▶ EXERCISE INSTRUCTIONS
Restrict the output to the lines below starting at the one that contains "a black and white photo" and ending at the one that contains "Damskie spodnie dresowe", and restate them word for word, both ends included.
=== RECORDS SHOWN ===
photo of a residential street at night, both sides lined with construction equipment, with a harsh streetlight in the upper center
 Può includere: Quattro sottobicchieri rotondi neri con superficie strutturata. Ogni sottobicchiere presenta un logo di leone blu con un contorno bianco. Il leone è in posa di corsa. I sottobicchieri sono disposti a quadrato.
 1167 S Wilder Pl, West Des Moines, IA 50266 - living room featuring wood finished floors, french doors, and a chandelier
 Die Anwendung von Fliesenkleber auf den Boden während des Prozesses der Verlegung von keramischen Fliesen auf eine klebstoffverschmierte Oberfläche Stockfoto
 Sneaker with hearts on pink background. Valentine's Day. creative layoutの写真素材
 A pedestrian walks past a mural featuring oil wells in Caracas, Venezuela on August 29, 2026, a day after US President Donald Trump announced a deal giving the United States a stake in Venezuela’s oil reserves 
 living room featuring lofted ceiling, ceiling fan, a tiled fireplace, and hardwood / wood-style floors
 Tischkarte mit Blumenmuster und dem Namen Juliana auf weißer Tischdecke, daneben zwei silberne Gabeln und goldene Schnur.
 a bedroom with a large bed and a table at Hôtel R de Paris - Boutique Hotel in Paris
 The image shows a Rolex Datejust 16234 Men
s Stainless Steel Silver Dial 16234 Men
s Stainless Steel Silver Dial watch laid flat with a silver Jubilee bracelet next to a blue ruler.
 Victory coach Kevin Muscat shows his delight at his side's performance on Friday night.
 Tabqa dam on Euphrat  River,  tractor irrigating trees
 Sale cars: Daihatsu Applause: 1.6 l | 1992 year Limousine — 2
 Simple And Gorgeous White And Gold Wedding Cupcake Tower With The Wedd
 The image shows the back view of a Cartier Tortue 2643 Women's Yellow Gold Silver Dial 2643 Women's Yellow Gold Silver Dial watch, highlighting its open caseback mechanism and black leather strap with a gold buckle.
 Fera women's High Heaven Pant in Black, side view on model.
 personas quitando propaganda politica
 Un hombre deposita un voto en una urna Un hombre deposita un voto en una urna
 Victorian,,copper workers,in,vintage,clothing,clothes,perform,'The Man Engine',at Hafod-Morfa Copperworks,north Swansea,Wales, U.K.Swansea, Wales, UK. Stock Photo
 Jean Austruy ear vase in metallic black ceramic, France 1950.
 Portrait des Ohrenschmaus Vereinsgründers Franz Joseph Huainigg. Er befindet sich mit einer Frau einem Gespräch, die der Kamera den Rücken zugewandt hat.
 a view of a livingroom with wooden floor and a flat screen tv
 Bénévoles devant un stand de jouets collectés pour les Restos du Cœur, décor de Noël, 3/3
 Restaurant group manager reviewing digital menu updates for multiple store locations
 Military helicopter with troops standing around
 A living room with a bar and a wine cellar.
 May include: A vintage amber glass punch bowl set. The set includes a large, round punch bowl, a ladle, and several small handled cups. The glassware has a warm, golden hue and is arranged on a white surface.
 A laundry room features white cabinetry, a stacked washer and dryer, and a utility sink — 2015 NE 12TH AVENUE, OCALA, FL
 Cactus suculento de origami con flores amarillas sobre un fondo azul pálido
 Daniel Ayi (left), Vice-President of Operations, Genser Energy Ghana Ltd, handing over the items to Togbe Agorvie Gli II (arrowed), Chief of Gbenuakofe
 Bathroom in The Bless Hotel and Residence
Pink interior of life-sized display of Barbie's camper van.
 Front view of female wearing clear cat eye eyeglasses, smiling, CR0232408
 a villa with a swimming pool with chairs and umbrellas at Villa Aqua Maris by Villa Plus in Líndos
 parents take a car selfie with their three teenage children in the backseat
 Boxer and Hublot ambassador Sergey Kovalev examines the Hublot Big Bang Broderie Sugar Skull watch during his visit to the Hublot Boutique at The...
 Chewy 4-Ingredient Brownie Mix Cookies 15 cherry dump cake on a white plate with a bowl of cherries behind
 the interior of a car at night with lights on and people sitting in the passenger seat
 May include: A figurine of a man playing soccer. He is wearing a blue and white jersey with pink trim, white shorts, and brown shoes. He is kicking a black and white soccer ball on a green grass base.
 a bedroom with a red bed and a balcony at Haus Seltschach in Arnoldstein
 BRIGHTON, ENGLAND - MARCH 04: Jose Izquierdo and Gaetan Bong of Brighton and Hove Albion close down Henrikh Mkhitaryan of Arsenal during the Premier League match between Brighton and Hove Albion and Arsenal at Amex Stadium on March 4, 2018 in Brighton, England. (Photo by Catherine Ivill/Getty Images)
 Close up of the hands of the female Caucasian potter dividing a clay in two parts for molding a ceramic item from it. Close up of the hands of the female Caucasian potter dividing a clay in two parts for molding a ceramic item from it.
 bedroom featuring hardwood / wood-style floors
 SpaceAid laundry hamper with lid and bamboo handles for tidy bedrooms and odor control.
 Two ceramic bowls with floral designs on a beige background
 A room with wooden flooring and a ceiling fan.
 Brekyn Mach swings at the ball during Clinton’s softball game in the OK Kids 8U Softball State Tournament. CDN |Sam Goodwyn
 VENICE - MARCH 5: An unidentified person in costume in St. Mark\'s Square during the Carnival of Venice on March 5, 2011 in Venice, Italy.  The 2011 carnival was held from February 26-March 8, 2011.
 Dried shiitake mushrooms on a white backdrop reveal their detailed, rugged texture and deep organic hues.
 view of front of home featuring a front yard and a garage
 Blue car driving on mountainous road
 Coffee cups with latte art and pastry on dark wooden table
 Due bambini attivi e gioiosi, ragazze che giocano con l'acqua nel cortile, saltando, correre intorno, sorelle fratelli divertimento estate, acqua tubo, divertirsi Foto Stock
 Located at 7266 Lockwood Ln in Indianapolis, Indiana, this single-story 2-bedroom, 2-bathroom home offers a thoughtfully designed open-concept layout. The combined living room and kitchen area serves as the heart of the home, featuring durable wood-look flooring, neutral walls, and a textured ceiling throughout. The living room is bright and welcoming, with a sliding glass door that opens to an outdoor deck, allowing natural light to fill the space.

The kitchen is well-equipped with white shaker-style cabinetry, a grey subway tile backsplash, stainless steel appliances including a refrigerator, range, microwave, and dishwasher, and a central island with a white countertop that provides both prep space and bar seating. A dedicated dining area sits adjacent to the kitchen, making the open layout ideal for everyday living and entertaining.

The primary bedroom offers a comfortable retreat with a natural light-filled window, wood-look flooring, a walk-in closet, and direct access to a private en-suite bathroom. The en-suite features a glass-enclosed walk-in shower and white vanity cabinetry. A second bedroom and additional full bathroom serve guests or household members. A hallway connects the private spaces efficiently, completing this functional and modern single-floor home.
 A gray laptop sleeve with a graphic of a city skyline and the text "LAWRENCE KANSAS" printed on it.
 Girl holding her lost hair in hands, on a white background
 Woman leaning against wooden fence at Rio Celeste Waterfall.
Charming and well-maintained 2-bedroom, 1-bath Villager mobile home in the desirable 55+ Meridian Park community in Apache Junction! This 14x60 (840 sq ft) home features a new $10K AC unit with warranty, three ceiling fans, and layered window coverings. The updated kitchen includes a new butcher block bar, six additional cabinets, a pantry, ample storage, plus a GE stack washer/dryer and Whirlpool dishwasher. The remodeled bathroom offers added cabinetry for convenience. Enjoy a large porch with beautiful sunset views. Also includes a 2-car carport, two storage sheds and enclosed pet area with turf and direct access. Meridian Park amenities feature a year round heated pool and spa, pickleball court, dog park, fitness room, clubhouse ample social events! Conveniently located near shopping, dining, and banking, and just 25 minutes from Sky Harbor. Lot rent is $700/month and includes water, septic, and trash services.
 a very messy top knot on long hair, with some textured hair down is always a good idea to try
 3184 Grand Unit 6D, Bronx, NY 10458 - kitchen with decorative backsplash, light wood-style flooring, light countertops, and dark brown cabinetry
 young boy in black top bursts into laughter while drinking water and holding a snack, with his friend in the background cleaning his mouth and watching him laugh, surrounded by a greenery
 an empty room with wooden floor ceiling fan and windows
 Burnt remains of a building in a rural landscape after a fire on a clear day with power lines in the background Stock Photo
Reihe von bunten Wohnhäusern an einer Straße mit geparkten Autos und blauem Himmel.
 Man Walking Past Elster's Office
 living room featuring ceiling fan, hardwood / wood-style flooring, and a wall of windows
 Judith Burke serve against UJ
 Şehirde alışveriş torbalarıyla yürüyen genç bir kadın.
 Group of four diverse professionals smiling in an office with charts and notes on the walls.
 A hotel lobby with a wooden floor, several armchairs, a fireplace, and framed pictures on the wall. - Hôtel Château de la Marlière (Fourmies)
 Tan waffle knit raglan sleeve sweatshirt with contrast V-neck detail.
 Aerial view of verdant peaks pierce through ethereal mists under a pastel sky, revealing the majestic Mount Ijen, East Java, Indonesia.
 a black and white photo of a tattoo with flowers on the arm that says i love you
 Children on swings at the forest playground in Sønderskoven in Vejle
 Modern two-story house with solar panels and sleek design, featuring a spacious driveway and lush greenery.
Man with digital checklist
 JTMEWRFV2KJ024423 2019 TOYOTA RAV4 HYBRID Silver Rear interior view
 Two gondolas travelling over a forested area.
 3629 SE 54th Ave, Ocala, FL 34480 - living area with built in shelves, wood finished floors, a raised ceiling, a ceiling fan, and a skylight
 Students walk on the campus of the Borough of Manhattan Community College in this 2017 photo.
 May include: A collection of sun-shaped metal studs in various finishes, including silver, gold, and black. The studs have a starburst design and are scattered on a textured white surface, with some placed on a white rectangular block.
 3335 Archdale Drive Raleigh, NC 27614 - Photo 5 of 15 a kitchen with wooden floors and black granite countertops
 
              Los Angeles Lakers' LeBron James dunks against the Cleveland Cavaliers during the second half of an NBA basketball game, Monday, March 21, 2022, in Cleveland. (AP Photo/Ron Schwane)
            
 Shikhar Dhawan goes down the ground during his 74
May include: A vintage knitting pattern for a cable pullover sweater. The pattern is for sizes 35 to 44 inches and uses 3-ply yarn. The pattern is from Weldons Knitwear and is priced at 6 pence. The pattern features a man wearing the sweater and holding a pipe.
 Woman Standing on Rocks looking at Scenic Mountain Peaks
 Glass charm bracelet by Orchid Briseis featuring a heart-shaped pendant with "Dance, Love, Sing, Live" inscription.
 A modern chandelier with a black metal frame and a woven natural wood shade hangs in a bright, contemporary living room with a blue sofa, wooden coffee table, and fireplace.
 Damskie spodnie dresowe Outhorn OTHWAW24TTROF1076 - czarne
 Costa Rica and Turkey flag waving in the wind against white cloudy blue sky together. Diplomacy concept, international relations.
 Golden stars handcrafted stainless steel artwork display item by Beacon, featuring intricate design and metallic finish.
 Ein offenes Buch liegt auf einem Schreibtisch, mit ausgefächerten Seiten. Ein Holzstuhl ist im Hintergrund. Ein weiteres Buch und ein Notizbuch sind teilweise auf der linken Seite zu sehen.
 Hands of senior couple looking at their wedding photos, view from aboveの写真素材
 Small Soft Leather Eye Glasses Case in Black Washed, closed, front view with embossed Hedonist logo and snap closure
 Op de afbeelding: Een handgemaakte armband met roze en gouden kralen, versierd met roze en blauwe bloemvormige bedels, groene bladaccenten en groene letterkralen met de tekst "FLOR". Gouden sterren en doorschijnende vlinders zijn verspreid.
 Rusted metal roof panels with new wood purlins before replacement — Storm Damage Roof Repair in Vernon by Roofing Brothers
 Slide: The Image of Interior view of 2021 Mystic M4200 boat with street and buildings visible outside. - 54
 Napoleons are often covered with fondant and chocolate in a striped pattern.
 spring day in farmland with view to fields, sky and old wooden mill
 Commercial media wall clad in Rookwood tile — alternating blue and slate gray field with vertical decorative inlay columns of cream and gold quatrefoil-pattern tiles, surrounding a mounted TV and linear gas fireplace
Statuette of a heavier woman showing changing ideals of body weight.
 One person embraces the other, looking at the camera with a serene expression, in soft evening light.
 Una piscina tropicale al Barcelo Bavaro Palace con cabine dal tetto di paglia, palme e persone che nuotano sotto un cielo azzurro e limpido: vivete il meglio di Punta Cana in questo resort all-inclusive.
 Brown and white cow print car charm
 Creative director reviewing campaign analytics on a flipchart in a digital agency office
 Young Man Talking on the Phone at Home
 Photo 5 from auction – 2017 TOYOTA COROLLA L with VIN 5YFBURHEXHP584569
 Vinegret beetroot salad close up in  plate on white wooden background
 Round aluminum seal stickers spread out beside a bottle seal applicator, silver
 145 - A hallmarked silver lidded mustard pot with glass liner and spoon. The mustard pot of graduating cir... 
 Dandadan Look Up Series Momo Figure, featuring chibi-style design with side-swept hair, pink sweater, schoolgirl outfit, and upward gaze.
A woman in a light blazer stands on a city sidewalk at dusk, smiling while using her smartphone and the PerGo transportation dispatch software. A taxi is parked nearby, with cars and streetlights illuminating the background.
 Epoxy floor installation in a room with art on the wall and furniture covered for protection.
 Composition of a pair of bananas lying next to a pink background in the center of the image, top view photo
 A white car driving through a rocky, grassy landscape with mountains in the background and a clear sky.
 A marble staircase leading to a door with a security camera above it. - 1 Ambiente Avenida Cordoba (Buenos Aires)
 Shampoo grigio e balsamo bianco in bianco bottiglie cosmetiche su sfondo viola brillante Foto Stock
===
▶ RESULT FOR THIS EXERCISE
 a black and white photo of a tattoo with flowers on the arm that says i love you
 Children on swings at the forest playground in Sønderskoven in Vejle
 Modern two-story house with solar panels and sleek design, featuring a spacious driveway and lush greenery.
Man with digital checklist
 JTMEWRFV2KJ024423 2019 TOYOTA RAV4 HYBRID Silver Rear interior view
 Two gondolas travelling over a forested area.
 3629 SE 54th Ave, Ocala, FL 34480 - living area with built in shelves, wood finished floors, a raised ceiling, a ceiling fan, and a skylight
 Students walk on the campus of the Borough of Manhattan Community College in this 2017 photo.
 May include: A collection of sun-shaped metal studs in various finishes, including silver, gold, and black. The studs have a starburst design and are scattered on a textured white surface, with some placed on a white rectangular block.
 3335 Archdale Drive Raleigh, NC 27614 - Photo 5 of 15 a kitchen with wooden floors and black granite countertops
 
              Los Angeles Lakers' LeBron James dunks against the Cleveland Cavaliers during the second half of an NBA basketball game, Monday, March 21, 2022, in Cleveland. (AP Photo/Ron Schwane)
            
 Shikhar Dhawan goes down the ground during his 74
May include: A vintage knitting pattern for a cable pullover sweater. The pattern is for sizes 35 to 44 inches and uses 3-ply yarn. The pattern is from Weldons Knitwear and is priced at 6 pence. The pattern features a man wearing the sweater and holding a pipe.
 Woman Standing on Rocks looking at Scenic Mountain Peaks
 Glass charm bracelet by Orchid Briseis featuring a heart-shaped pendant with "Dance, Love, Sing, Live" inscription.
 A modern chandelier with a black metal frame and a woven natural wood shade hangs in a bright, contemporary living room with a blue sofa, wooden coffee table, and fireplace.
 Damskie spodnie dresowe Outhorn OTHWAW24TTROF1076 - czarne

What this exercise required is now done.